Why did I make these assumptions about a play I hadn't seen? Because I've seen, read and heard about enough contemporary American and British plays to know that the political point of view of most of their authors is well to the left of center. Henry Luce, the founder and publisher of Time and Life, was once asked why he hired so many liberals to write for his magazines, given that his own political views were unabashedly conservative. "For some goddamn reason," he replied, "Republicans can't write." Well, they've learned how, but for some other goddamn reason, they don't write plays. Of the 200-odd new plays I've seen in my two years as a working critic, not one could be described as embodying a specifically right-wing political perspective, nor do I know any New York-based playwrights or actors who are openly conservative.
For this reason alone, the odds were good that "Nine Parts of Desire" would reflect in a more or less explicit way the political consensus of what New Yorkers working in theater like to call "the theater community," and that it would do so in a way so blatant as to kill any semblance of drama. Yet it didn't. Never did I feel, not even for a moment, that Ms. Raffo was making her characters tell us what we--or she--wanted to hear. Some of them supported the war, others opposed it. Most expressed no settled opinion about the war, even though its continuing effects permeated their lives, and it soon became clear that her purpose in writing "Nine Parts of Desire" had been not to make a statement about the American presence in Iraq, but simply to suggest something of what it feels like to live there.
That's one kind of "political" play. An example of the other kind is Sam Shepard's "The God of Hell," which I saw around the same time as "Nine Parts of Desire." Mr. Shepard, who is one of America's most celebrated playwrights, described "The God of Hell" as a "satire" of "Republican fascism." Except for the fact that satires are supposed to be funny, I'd say that was a fair enough description of the play, in which a smirking, prancing fellow made up to look like Paul Wolfowitz invades the home of a Wisconsin farmer and his wife, festoons their kitchen with American flags, hooks up the genitalia of the man of the house to an electronic torture machine, and administers painful shocks until he agrees to surrender his heifers to the government for use in an unspecified but self-evidently nefarious secret project.
The New York Times called "The God of Hell" "robust" and "encouragingly feisty." My own opinion was best summed up by the woman with whom I saw the play, a staunchly liberal, theatrically savvy playgoer who, like me, admires Sam Shepard greatly. When the play was over, I noticed that my friend wasn't clapping, so I leaned over and whispered in her ear, "I'm afraid you guys are going to have to do a little better than that."
"Maybe we would have done better on Election Day if we had," she hissed in exasperated reply.

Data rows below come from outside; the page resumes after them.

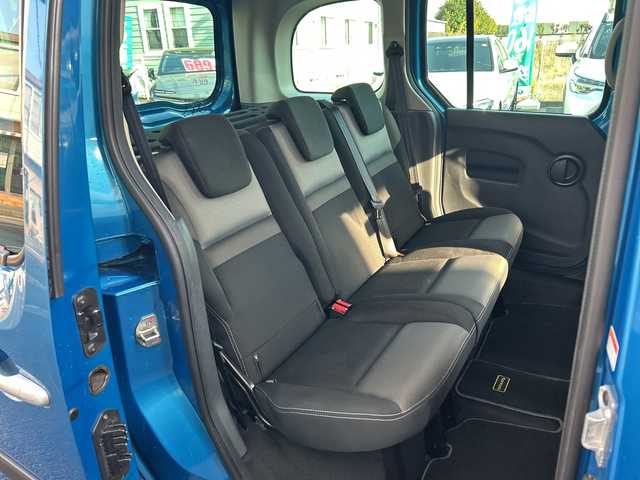 ルノー カングー ゼン 神奈川県 2017(平29)年 6万km ノーティクルブルー ワンオーナー/carrozzeriaナビ(AM/FM/SD/BT/フルセグTV)/バックカメラ/両側スライドドア/横滑り防止装置/エクステンデッドグリップ/ルーフレール/ETC/ドライブレコーダー/純正フロアマット/スペアキー×1/保証書/取扱説明書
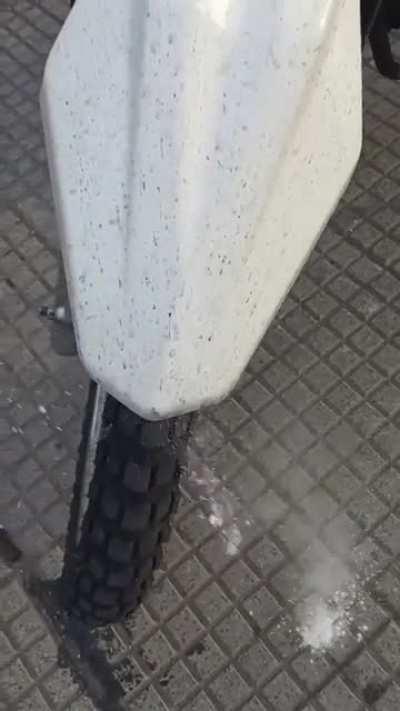 Fuuaaaa la moto del Diego.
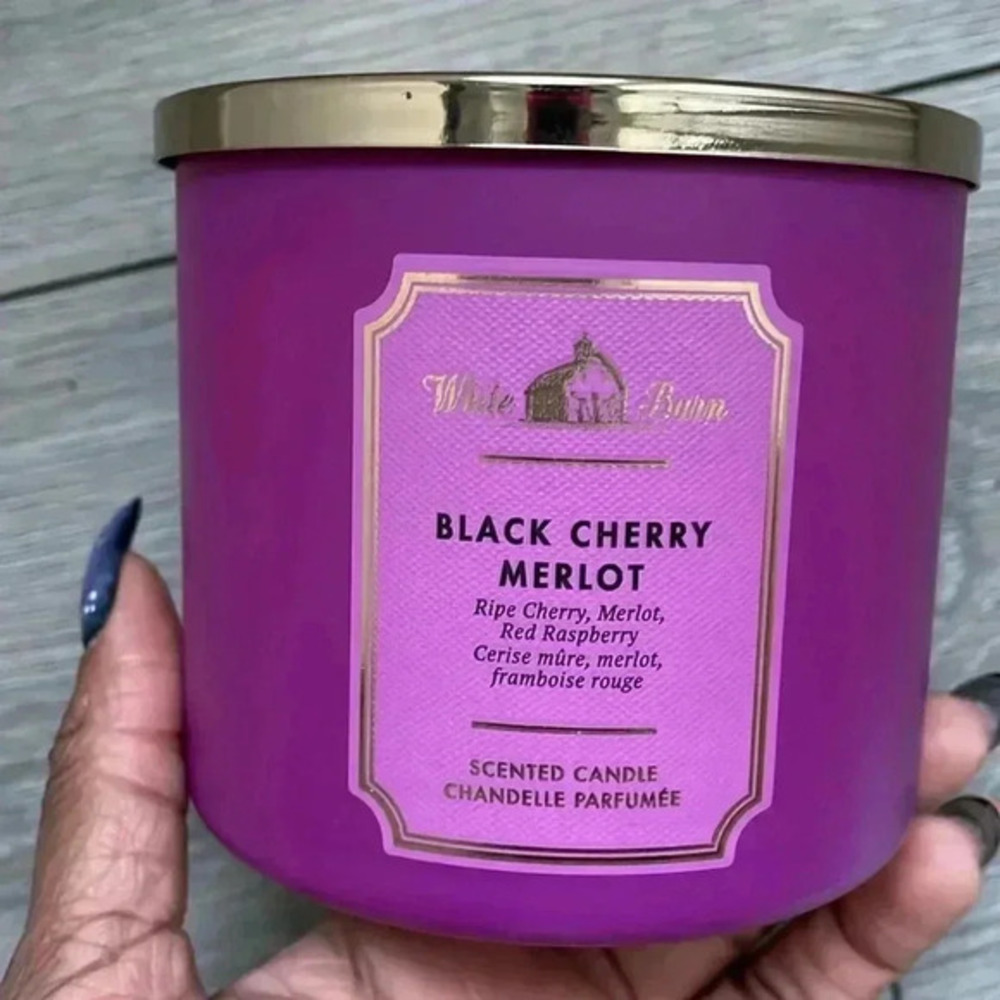 White Barn Candle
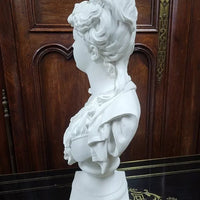 GRAND BUSTE EN BISCUIT DE FEMME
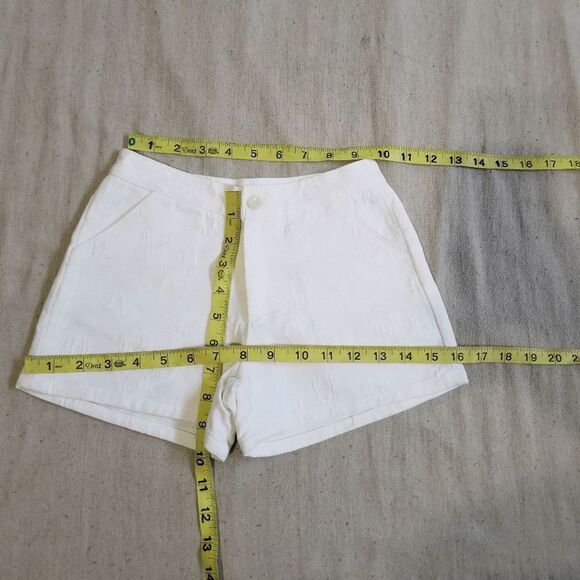 White flower hot pants shorts sz S 2164 - Picture 2 of 4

I wish I could tell you that "The God of Hell" was an aberration and "Nine Parts of Desire" the norm, but as I look back on the specifically political plays I've reviewed in the past two years, I find that--to borrow the oft-quoted words of Dorothy Parker, who covered Broadway for Vanity Fair and, later, The New Yorker--too many of them ran the gamut from A to B. To date I've seen three plays about the Hollywood blacklist, one of which, "Trumbo," was a tribute to a Communist screenwriter who went to his grave without once publicly expressing the mildest of reservations about the policies of Joseph Stalin, whose murderous regime he had enthusiastically supported throughout the 1930s and '40s. I've seen "Embedded," an antiwar tract of such modest political sophistication that Tim Robbins, its author, put into the mouth of the political philosopher Leo Strauss a phony quote that he'd found in a magazine published by Lyndon LaRouche. I've seen "Guantánamo: 'Honor Bound to Defend Freedom,' " a British "documentary play" about the internment of suspected Arab terrorists that was so dramatically inert even the roomful of political activists with whom I saw it could summon up only tepid applause at evening's end.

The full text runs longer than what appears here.